A dozen years before the debate on the Bill of Rights, the nineteen- year-old Alexander Hamilton explained the import of this point to the reading public. Hamilton was framing, at the time, the most compelling case that would ever be made in vindicating the rights of America in relation to Britain. In the course of his argument, Hamilton appealed to natural rights. But it was the measure of his calibrated mind that he saw the need to distinguish natural rights, properly understood, from that corruption of natural rights which could be fashioned from the teachings of Hobbes. According to Hamilton, Hobbes held that men in the state of nature were “perfectly free from all restraints of law and government.” “Moral obligation,” according to [Hobbes], “is derived from the introduction of civil society; and there is no virtue, but what is purely artificial, the mere contrivance of politicians, for the maintenance of social intercourse.” These doctrines would impress the tutored mind as “absurd and impious”: They could be explained, in such a formidable writer, only by the most inspired aversion to the commands of both reason and piety. For Hamilton, there was nothing inscrutable about the sources of this mistake:

“[Hobbes] disbelieved in the existence of an intelligent superintending principle, who is the governor, and will be the final judge of the universe….Good and wise men, in all ages, have embraced a very dissimilar theory. They have supposed, that the deity, from the relation we stand in, to himself and to each other, has constituted an eternal and immutable law, which is, indispensably, obligatory upon all mankind, prior to any human institution whatever.”

Some writers have argued in recent years that the founders accepted the “modern” notion of natural rights that was built upon the premises of Hobbes. In that understanding, natural rights were rooted in the commands of “self-preservation”; human beings in the state of nature were bound by no moral laws; and political society began with a wholesale transfer to the government of our natural rights.

Hadley Arkes, “The Founders and the ‘Superintending Principle’ – the Founders’ Notion of Rights Is Tied to the Philosophy of Monotheism,” World and I Feb. 2003,

Rousseau and Hobbes together supply the ideological jiu-jitsu required to enslave a “free” people. Which is exactly why our Founders rejected “democracy” and the entire revolutionary tradition that culminated in Robespierre and the 24-hour-a-day pounding tyrannical rhythm of the guillotine.
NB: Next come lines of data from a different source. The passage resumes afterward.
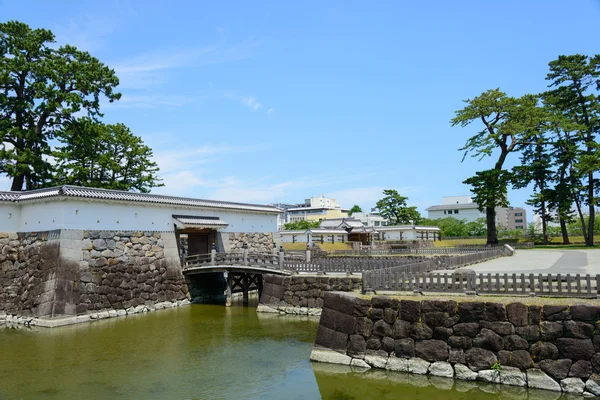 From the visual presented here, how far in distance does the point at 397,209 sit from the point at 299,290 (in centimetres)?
4965

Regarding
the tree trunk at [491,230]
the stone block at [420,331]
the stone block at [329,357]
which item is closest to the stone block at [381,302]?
the stone block at [420,331]

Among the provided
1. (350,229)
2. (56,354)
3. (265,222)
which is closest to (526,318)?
(56,354)

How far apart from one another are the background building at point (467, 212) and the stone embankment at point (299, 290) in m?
75.0

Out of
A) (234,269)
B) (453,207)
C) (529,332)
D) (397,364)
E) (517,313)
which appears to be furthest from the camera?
Result: (453,207)

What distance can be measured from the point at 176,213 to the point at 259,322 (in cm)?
1013

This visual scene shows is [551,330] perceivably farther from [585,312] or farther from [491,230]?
[491,230]

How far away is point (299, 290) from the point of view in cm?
2083

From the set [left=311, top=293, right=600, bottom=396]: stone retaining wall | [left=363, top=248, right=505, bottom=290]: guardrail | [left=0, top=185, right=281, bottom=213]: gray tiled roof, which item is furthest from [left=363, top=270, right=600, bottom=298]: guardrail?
[left=0, top=185, right=281, bottom=213]: gray tiled roof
America’s Founding Fathers recognized the entire democratic charade as the nightmare of power-hungry madmen. They embraced instead the notion of a national government with strictly limited powers, where the voice of the states and of the people commanded the government, and not vice-versa. With regard to war, the Founders sided with Augustine and the Just War theory that had reigned in Christendom for a millennium and more. Peace, said Augustine, is the natural state of man. Even wars are fought to achieve peace. And society is not the artificial construct of Hobbes, a construct wrought from the feverish reveries of ideologues, but a peaceful reflection of “The Laws of Nature and of Nature’s God. lewrockwell.com

Understanding the tension between the Hobbesian and Lockean models of government is essential to comprehending the issue of private property rights, the aggressive undermining of Christianity, and the threat of the totalitarian state.


Recommended reading:

‘Hobbes vs. Locke’: The battle continues

Two Treatises of Government (1680-1690), John Locke (proceed to Book II)

Thomas Hobbes, scourge of the property owner (2024)
Top Articles
Latest Posts
Article information

Author: Kerri Lueilwitz

Last Updated:

Views: 6022

Rating: 4.7 / 5 (47 voted)

Reviews: 86% of readers found this page helpful

Author information

Name: Kerri Lueilwitz

Birthday: 1992-10-31

Address: Suite 878 3699 Chantelle Roads, Colebury, NC 68599

Phone: +6111989609516

Job: Chief Farming Manager

Hobby: Mycology, Stone skipping, Dowsing, Whittling, Taxidermy, Sand art, Roller skating

Introduction: My name is Kerri Lueilwitz, I am a courageous, gentle, quaint, thankful, outstanding, brave, vast person who loves writing and wants to share my knowledge and understanding with you.